Neuroscience, it’s a-progressing. While you were going about your business the scientists found out how space can mess with your brain, hinted at a mechanism to slow down aging and identified a new target for antidepressants
Last year, we all were impressed by “The Martian”’s Mark Watney's quick wit and impressive problem-solving abilities (if you have no idea what I’m talking about then go to Netflix asap). Yet new research voices concern about the phenomenon called “space brain”, chronic dementia risk caused by galactic cosmic ray exposure -- something that Mark Watney would apparently suffered from if his journey to Mars was real. Researchers from University of California, Irvine, found that not only does space wreck your bone density and muscle volume, after longer period of time outside of our Earth’s protective magnetosphere (comparable to a 2-3 years roundtrip to Mars) it also could promote permanent cognitive deficits and even dementia.
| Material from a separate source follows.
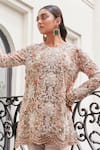 Buy_Ridhima Bhasin_Ivory Scarlet Net And Sequenced Luna 3d Floral Tunic & Harem Pant Set  _Online_at_Aza_Fashions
For this study mice were exposed to radiation equivalent to the one experienced in space. Six month after exposure their brains still showed alarm-raising levels of inflammation and neuron damage which went along with poor performance on behavioral tests measuring learning and memory. Another alarming side-effect of being exposed to the cosmic radiation for too long is the loss of “fear extinction” -- a tool the brain uses to suppress traumatic events, such as to learn to enjoy driving again after a scary car accident. This inability to unlearn stressful associations and the subsequent risk of developing anxiety might pose a big problem for astronauts who need to solve a lot of problems under pressure. This space dementia sure is a barrier in our plans to colonize Mars, however, it is not a problem we cannot solve: preventive measures (such as medication protecting neurotransmission), spacecraft shielding, better helmets and other solutions are being explored the very same moment you’re reading this. To boldly go where no man has gone before and so on and so forth.
Much better news are reserved for everyone who is not that keen on aging (and wants to live forever): Copenhagen researchers found that a body's own substance called NAD+ postpones the aging process and extends the lifespan. It does so by working against two aging mechanisms: less effective DNA repair and poor functioning mitochondria (cell power plants). However, the study was performed on mice and roundworms suffering from a neurodegenerative disease, so hold your horses, transhumanists! Here’s what went down: the poor creatures were genetically modified to have a disease which makes the part of the brain responsible for coordination degenerate at a fast rate and prevents normal DNA repair (which was supposed to simulate early aging). Then, they were injected with NAD+ and interesting things started to happen: the severity of the disease was reduced, muscular function -- normalized, memory loss -- delayed, lifespan -- extended. This all seems to have happened due to wondrous ability of NAD+ to repair DNA and to maintain mitochondria happy and healthy. Considering the fact that NAD+ level substantially decreases as we age this holds a potential to slow down aging process with a simple replenishment of this coenzyme. Another pleasant side-effect of keeping our cells young is the potentially much later onset of such neurodegenerative diseases as Alzehimer’s and Parkinson’s. (”Live Forever” by Oasis starts playing in the distance)
(If you want to become dazzled about human race’s progress in life sciences and to start pondering about living forever I also recommend reading this not really neuroscience but still fascinating piece of news).
Another good piece of news comes for people suffering from a treatment-resistant depression. So far these patients are in a quite distressing situation as there are not many alternatives to resort to once the commonly used pills like Prozac failed. A new study from the Northwestern University discovered a promising new target in the brain which can be manipulated to ease even the stubbornly clingy depression which doesn’t respond to medication. The researchers found that the common antidepressant types, such as SSRIs and tricyclic antidepressants, block BMP pathway in hippocampus, our memory making center. The blockage of this pathway, in turn, leads to an increased neurogenesis, the birth of new cells (which is generally a very good thing for learning and memory). However, they weren’t sure whether blocking this pathway was deciding for the antidepressants' effect as this medication acts on a variety of multiple mechanisms in the brain. To investigate that, the scientists gave the ever-suffering mice a protein called noggin which is known to specifically block this exact BMP pathway. The results did not disappoint them: not only did noggin target BMP much more precisely and effectively than Prozac and tricyclics, the mice also showed significantly less anxious and depressed behaviour (which in mice terms means they didn’t hang hopelessly when held by the tail but rather energetically tried to get upright). This whole thing is quite promising as discovering a new biochemical target to aim our weapons at can bring us closer to developing new therapies for people whose brains are not big fans of Prozac.